Il s’appelle Jukebox, il affiche du jaune, du rouge et du violet sur un fond argenté luisant. Un peu comme ces machines imposantes, colorées et clignotantes qui jouent encore à la demande les morceaux en vogue du temps de leur gloire, c’est-à-dire il y a une poignée de décennies – le clinquant et le kitsch en moins, quoiqu’il n’est pas impossible que Chan Marshall ait fait un effort et soit sur cette pochette aussi kitsch qu’il lui est possible de l’être. Quelque chose dans la cambrure forcée, dans l’angle du poignet sur la hanche, dans la ceinture en métal, dans le grain de beauté sur la joue et le train de khôl sous les yeux laisse penser que - peut-être - elle abandonne l’authenticité brute pour s’essayer au kitsch et à l’élégance outrée. Mais c’est Chan Marshall, tout cela reste donc très relatif et ne suffira (heureusement) pas à gommer ses imperfections et à lisser ses aspérités.

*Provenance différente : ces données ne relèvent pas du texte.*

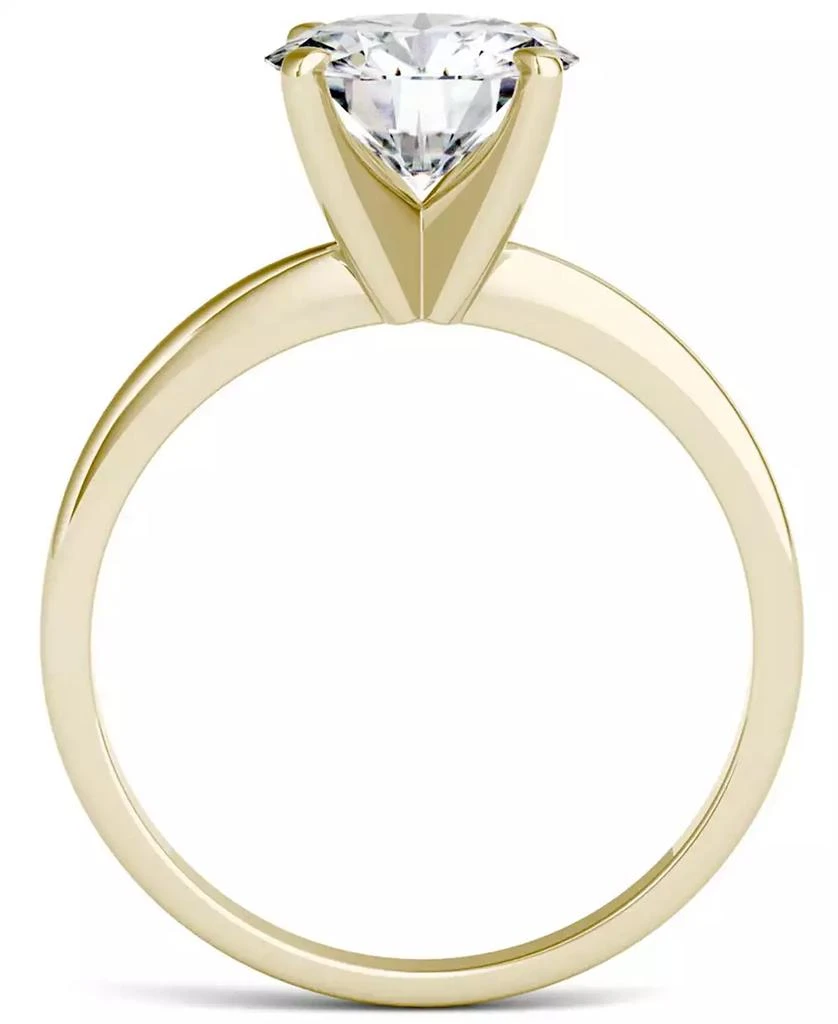 Charles
Colvard Moissanite Solitaire Ring (1 ct. t.w. DEW) in 14k White Gold 5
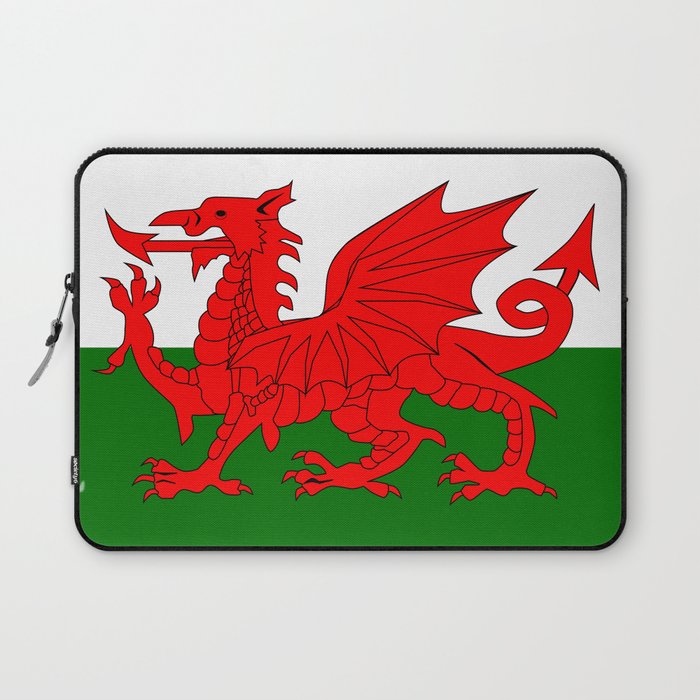 Welsh Dragon Flag Laptop Sleeve
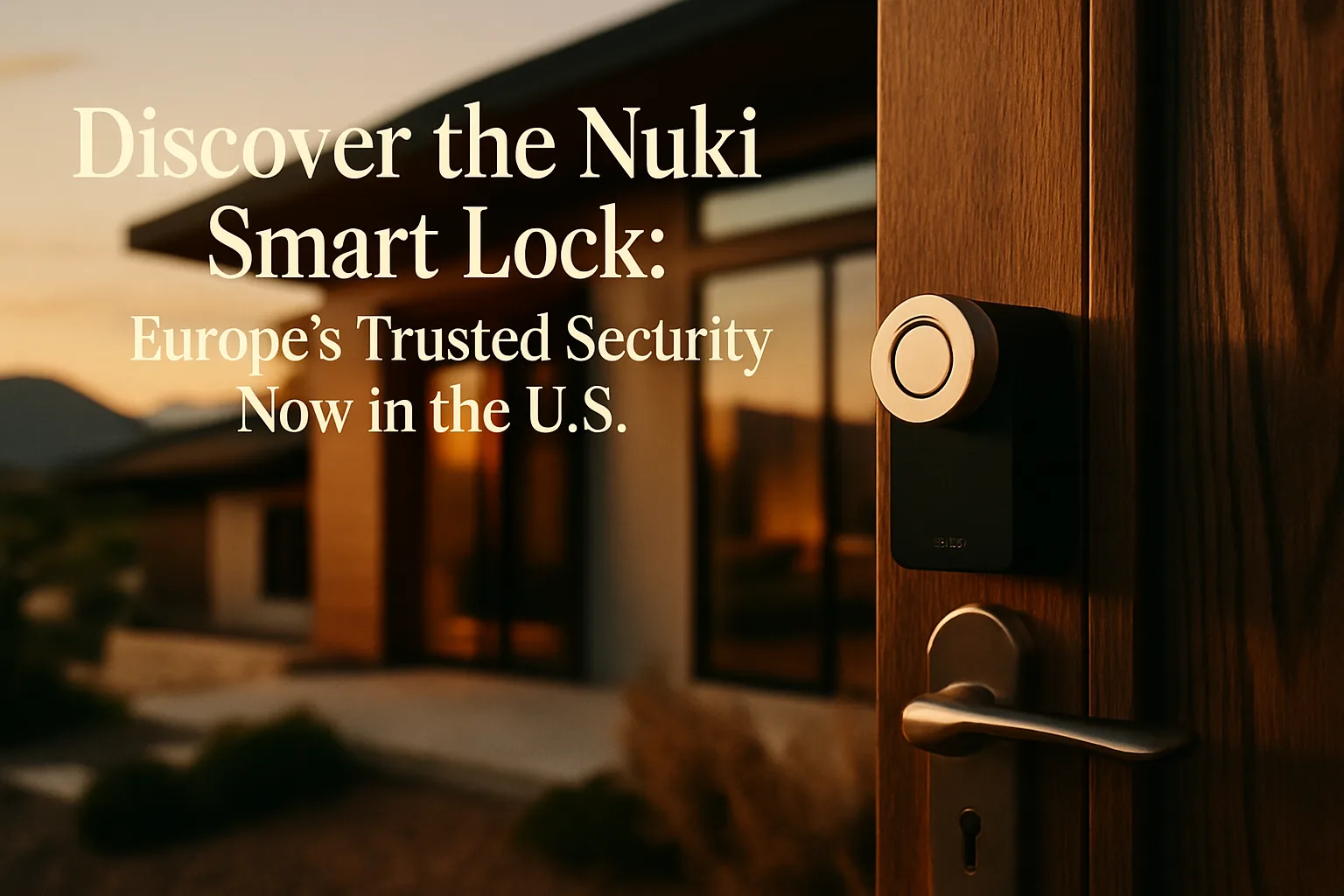 Discover the Nuki Smart Lock: Europe’s Trusted Security Now in the U.S.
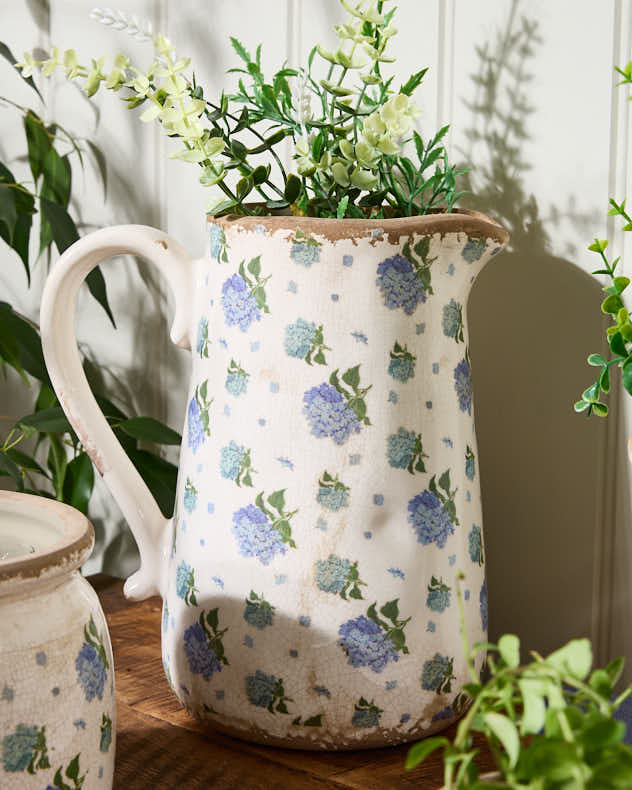 Blue Hydrangea Planter Collection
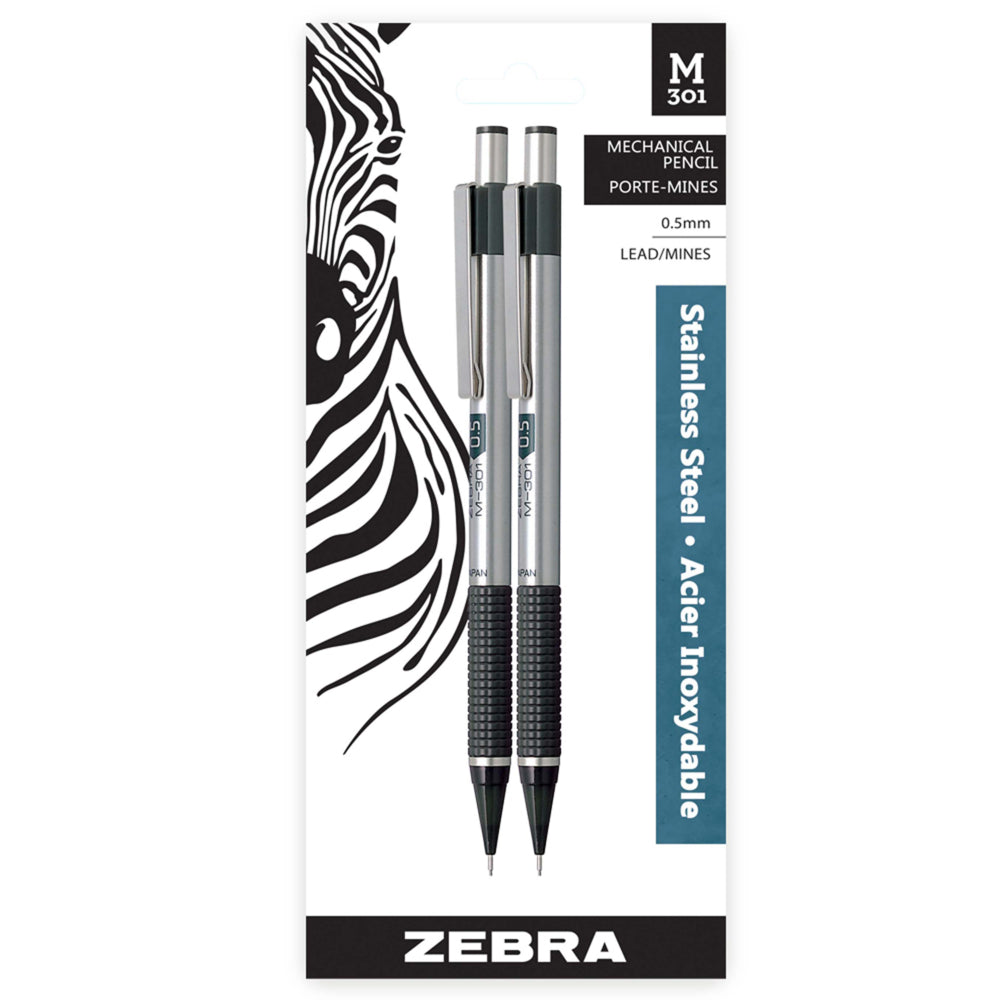 Image of Zebra M301 Mechanical Pencils - 0.5mm - 2 Pack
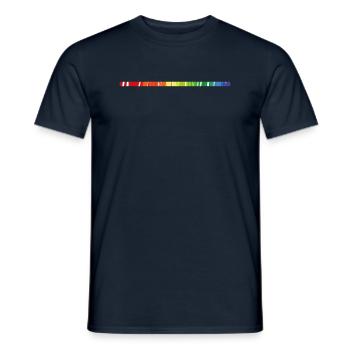 Rainbow stroke - Men's T-Shirt - navy - Front - AI Model Male 178 light (178cm)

Dans son jukebox, Chan Marshall a mis douze chansons, qu’elle est allée dénicher aux quatre coins de son univers musical. Mais, plutôt que de laisser les choses en l’état, elle a décidé que l’objet, qui a à peu près autant de mal à s’imposer parmi les Deezer et autres Limewire qu’une machine à écrire Underwood en face des logiciels de traitement de texte et des clavier d’ordinateur, avait besoin d’un sérieux ravalement de façade avant d’entrer dans son musée. Du coup, elle a retapé les chansons, une à une, avec l’aide de son Dirty Delta Blues Band. Mais velléités de restauration mises à part, Chan Marshall reste ancrée dans la tradition des musiques populaires américaines (appelez-les comme vous voulez, folk, blues, jazz, country, il y a un peu de tout cela dans cet album), qui veut que les auteurs restent cachés derrière leur composition et s’effacent, laissant leurs bébés vivre leur vie librement. La signature s’efface, la chanson reste, marquée par les cicatrices laissées par des interprétations, réappropriations, distorsions comme par autant de rides. Les interprètes pillent le répertoire, réarrangent les standards, ajoutent un couplet ou modifient un refrain, insufflent une nouvelle âme aux morceaux et transmettent les mélodies, passant le témoin à leurs successeurs qui les auront appris de leur bouche… Quoiqu’aujourd’hui, les passeurs de témoins ne se bousculent pas franchement, pas autant qu’il y a une cinquantaine d’année, chacun préférant y aller de sa propre petite chansonnette, alors qu’il est pourtant possible en s’appuyant sur la trame d’un standard gonflé d’images d’accoucher de quelque chose de bien plus personnel que les hymnes d’arrière-cours qui s’infiltrent par une oreille pour s’enfuir aussitôt par l’autre. Ce que Cat Power démontre avec brio, réhabilitant l’art du vol des chansons des autres et de la réécriture de ses propres morceaux – bref, cultivant l’irrévérence respectueuse qui permet à une reprise d’être plus qu’une copie carbone de son modèle.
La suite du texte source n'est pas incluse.